Montaigne escreveu, nos Ensaios, que um dos problemas trazidos pela má memória é que você esquece as mentiras que contou.
Isso cabe perfeitamente para Gilmar Mendes na entrevista que ele concedeu a Jorge Bastos Moreno, blogueiro do Globo.
O assunto era a infame carona que Gilmar pegou com Temer no avião presidencial.
Gilmar estava tentando desesperadamente justificar o injusticável quando Lula apareceu na conversa.
Gilmar disse que Lula nunca lhe pediu nada quando presidente. Gilmar colocou Lula na entrevista a Moreno para dizer que mantém com Temer o mesmo padrão de relacionamento "republicano".
Mas um momento.
Não foi Gilmar que foi procurado secretamente por Lula, às vésperas do Mensalão, com um pedido abjeto de postergar os julgamentos para que o PT não fosse prejudicado nas eleições de 2012?

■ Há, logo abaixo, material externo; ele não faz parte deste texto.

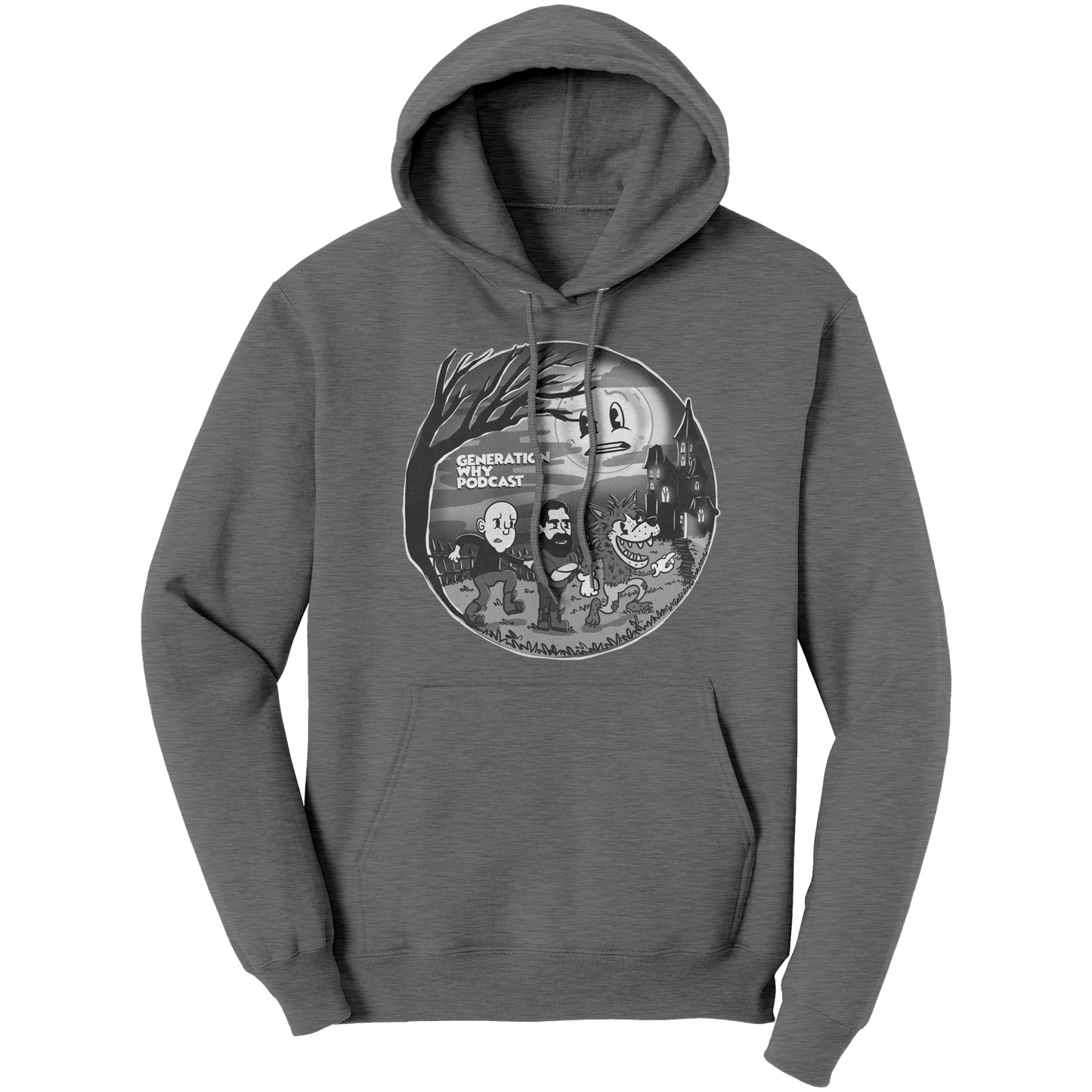 Limited_Olde_Timey_Werewolf_Pull_Over_Ho_GH_Front_Mockup.png_16106533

A mídia massacrou Lula. A Veja, particularmente, tratou do falso pedido por semanas intermináveis.
Você pode imaginar o tom dos textos. Lula não era acusado de procurar Gilmar. Ele tinha procurado Gilmar. Não era uma denúncia, segundo a Veja: era um fato consumado.
Nas reportagens, ou melhor, nas pseudo-reportagens sobre o caso, Gilmar era um heroi da República. E Lula, bem, Lula era um corrupto para o qual não havia limites.
Gilmar jamais esclareceu a história. Nunca saiu do pedestal para dizer que Lula nunca lhe pedira nada.
Não lhe convinha. Ele provavelmente gostou do papel de mocinho que lhe deram na trama.
Passados anos, eis que a verdade emerge. Ou a mentira submerge.
Quantas outras calúnias a Veja publicou? Cem, duzentas?
O certo é que a revelação tardia de Gilmar ajuda a entender melhor Lula, a Veja, a mídia plutocrata, o golpe — e sobretudo o próprio Gilmar.